Listed records –
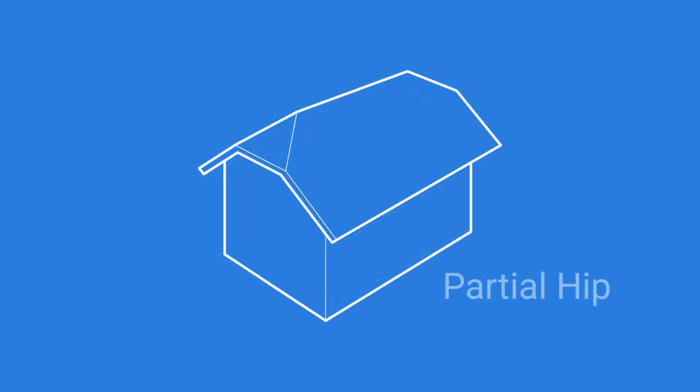The partial hip or half hip is comprised of elements from a gable and a hip roof. Much of this type of roof is constructed like a gable roof with the upper ends being replaced by a small hip.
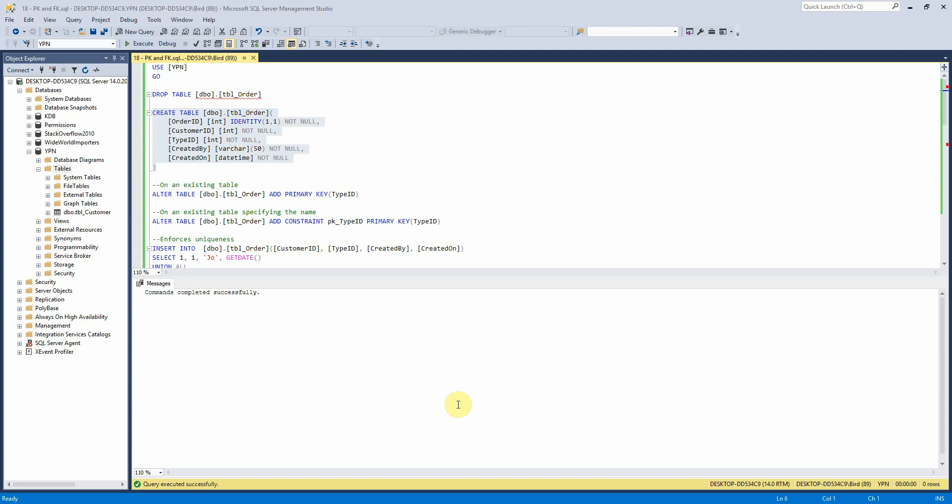Hello everyone, today we are going to look at primary keys and foreign keys. So a primary key is a way of identifying a single row of data in your table. Therefore it must follow some rules. It has to be unique and it cannot be null.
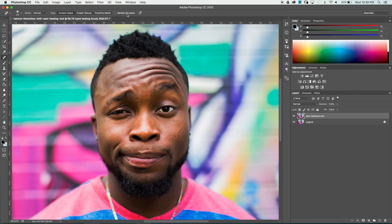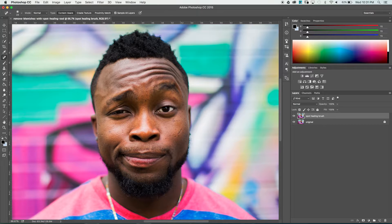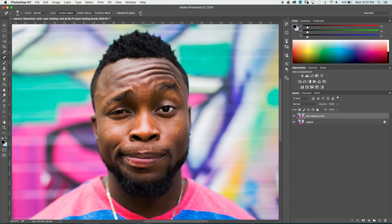Also take a peek at 'Sample All Layers' — it means exactly what it says. If checked, it looks at all layers in your document to blend, not just the one you're on. For example, if there was a gradient layer underneath and you brushed over a blemish, it would pull in colors from that gradient too. In most cases, keep this off — you just want to work with the image in front of you. I'd also keep off any kind of pen pressure because with this tool you really want to be as consistent and reliable as possible.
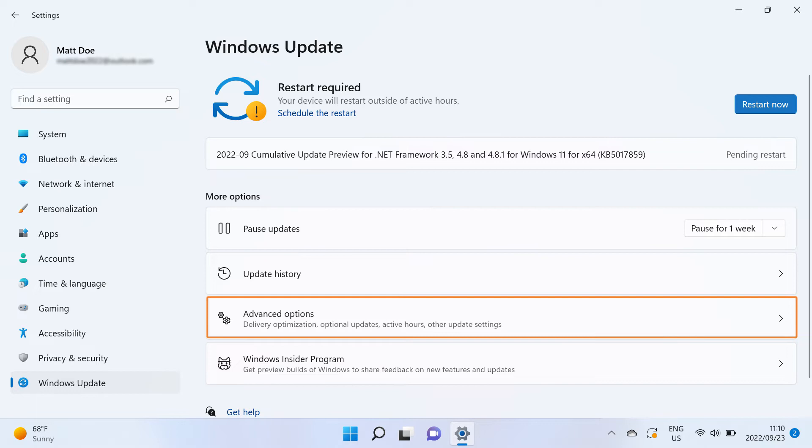To manage Windows 11 Update preferences, select Advanced Options and choose an option you intend to manage.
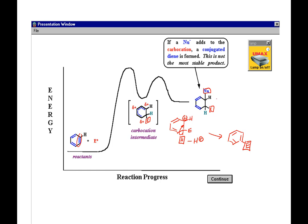This is electrophilic addition, whereas what we're going to look at is electrophilic aromatic substitution. Reforming that conjugated system is the reason for substitution versus addition. We're not going to get a 1,2- or 1,4- or 1,6-set of products — we're just going to get the substitution, because the aromatic system is more stable.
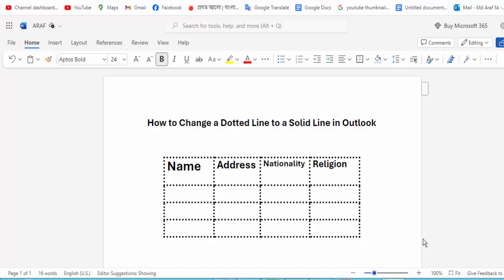Hi guys, assalamualaikum. How are you all? I hope you are well. Welcome back to my channel. In this new video, today's video, how to change a dotted line to a solid line in Microsoft Outlook. So let's start.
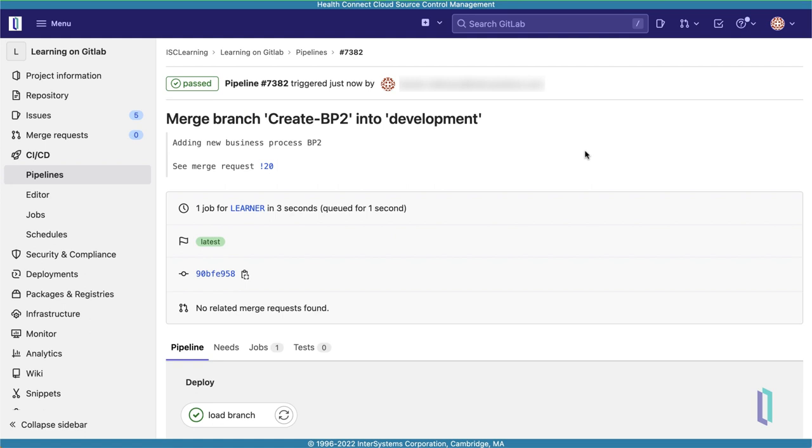You have now seen how to work in the HealthConnect Cloud user interface to commit changes to source control, create and merge branches in GitLab, and deploy environment branches to corresponding namespaces.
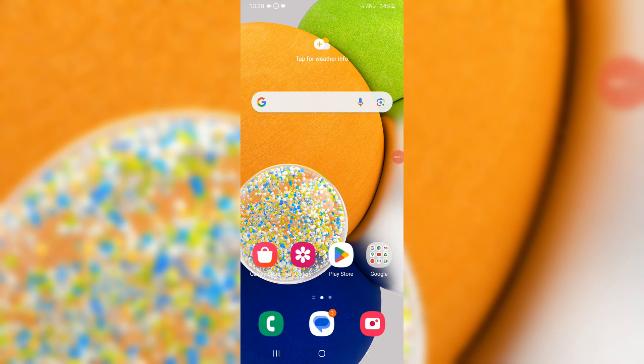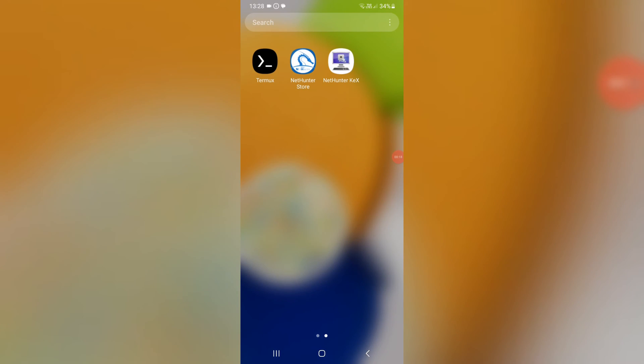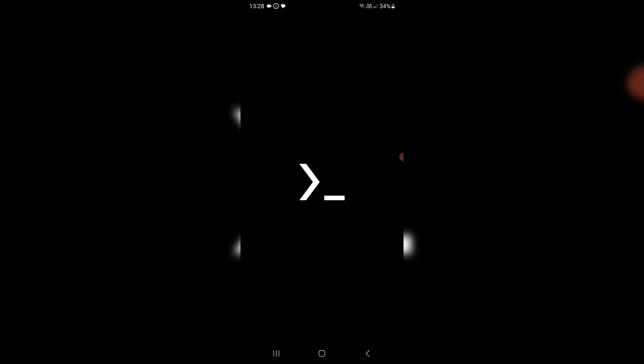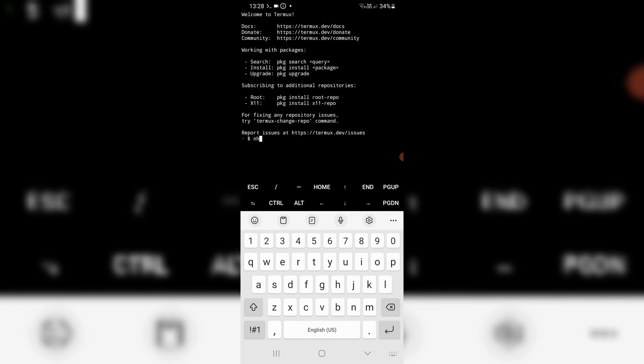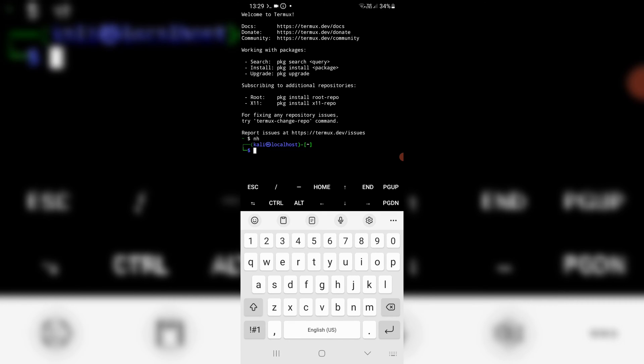First, we need to open Termux app and run some commands. First, type in H and hit Enter. Then type TigerVNC server and hit Enter.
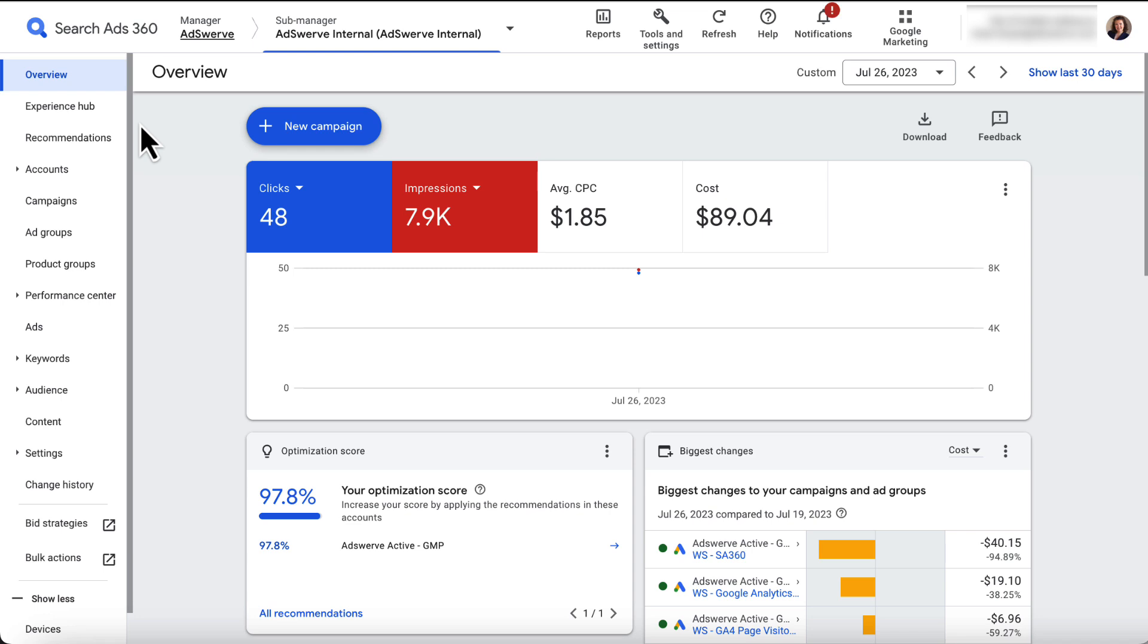Your view will default to the overview tab, which we see here. This tab provides an overview of all client accounts nested within your manager or sub-manager.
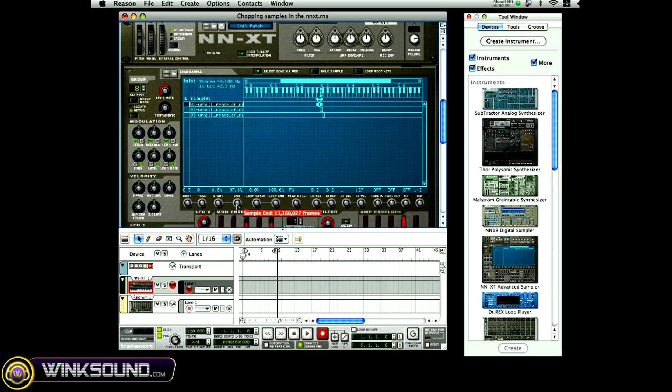I'm going to come to the end point and bring that down and chop that to a point where it's comfortable for me.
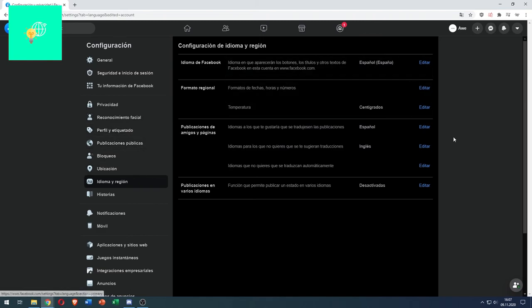That's how to change the language on Facebook in 2021. If this video helped you out, leave a like, comment and subscribe.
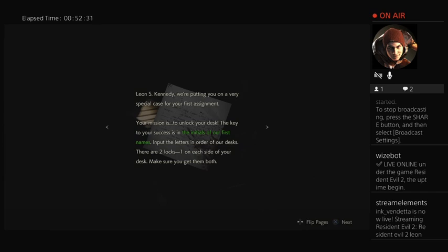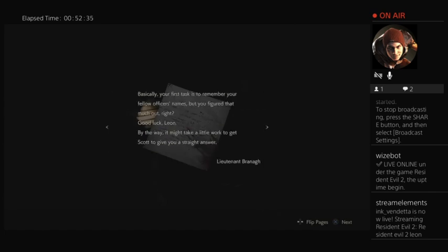The key to your success is the initial of your first name, okay? Fellow officer name, but you figured that out already. Good luck with that. It might take a little work to get Scott to give you a straight answer. Lieutenant Branagh.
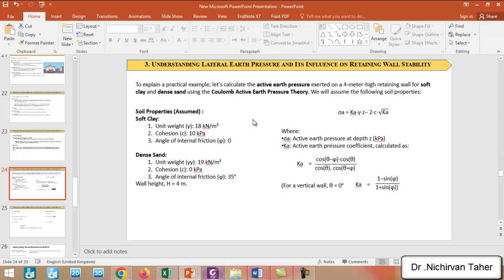These types of earth pressures — active earth pressure, at rest pressure, and passive earth pressure — can be calculated by Coulomb or Rankine earth pressure theories. Here we will explain a simple practical example for active earth pressure. We assume we have a four-meter high retaining wall for soft clay and dense sand, and we will use Coulomb's active earth pressure theory.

Directions for this task – Give the listing again exactly, minus its images.

Solution to this exercise –
The partial hip or half hip is comprised of elements from a gable and a hip roof. Much of this type of roof is constructed like a gable roof with the upper ends being replaced by a small hip.
Hello everyone, today we are going to look at primary keys and foreign keys. So a primary key is a way of identifying a single row of data in your table. Therefore it must follow some rules. It has to be unique and it cannot be null.
Also take a peek at 'Sample All Layers' — it means exactly what it says. If checked, it looks at all layers in your document to blend, not just the one you're on. For example, if there was a gradient layer underneath and you brushed over a blemish, it would pull in colors from that gradient too. In most cases, keep this off — you just want to work with the image in front of you. I'd also keep off any kind of pen pressure because with this tool you really want to be as consistent and reliable as possible.
To manage Windows 11 Update preferences, select Advanced Options and choose an option you intend to manage.
This is electrophilic addition, whereas what we're going to look at is electrophilic aromatic substitution. Reforming that conjugated system is the reason for substitution versus addition. We're not going to get a 1,2- or 1,4- or 1,6-set of products — we're just going to get the substitution, because the aromatic system is more stable.
Hi guys, assalamualaikum. How are you all? I hope you are well. Welcome back to my channel. In this new video, today's video, how to change a dotted line to a solid line in Microsoft Outlook. So let's start.
You have now seen how to work in the HealthConnect Cloud user interface to commit changes to source control, create and merge branches in GitLab, and deploy environment branches to corresponding namespaces.
First, we need to open Termux app and run some commands. First, type in H and hit Enter. Then type TigerVNC server and hit Enter.
Your view will default to the overview tab, which we see here. This tab provides an overview of all client accounts nested within your manager or sub-manager.
I'm going to come to the end point and bring that down and chop that to a point where it's comfortable for me.
That's how to change the language on Facebook in 2021. If this video helped you out, leave a like, comment and subscribe.
The key to your success is the initial of your first name, okay? Fellow officer name, but you figured that out already. Good luck with that. It might take a little work to get Scott to give you a straight answer. Lieutenant Branagh.
These types of earth pressures — active earth pressure, at rest pressure, and passive earth pressure — can be calculated by Coulomb or Rankine earth pressure theories. Here we will explain a simple practical example for active earth pressure. We assume we have a four-meter high retaining wall for soft clay and dense sand, and we will use Coulomb's active earth pressure theory.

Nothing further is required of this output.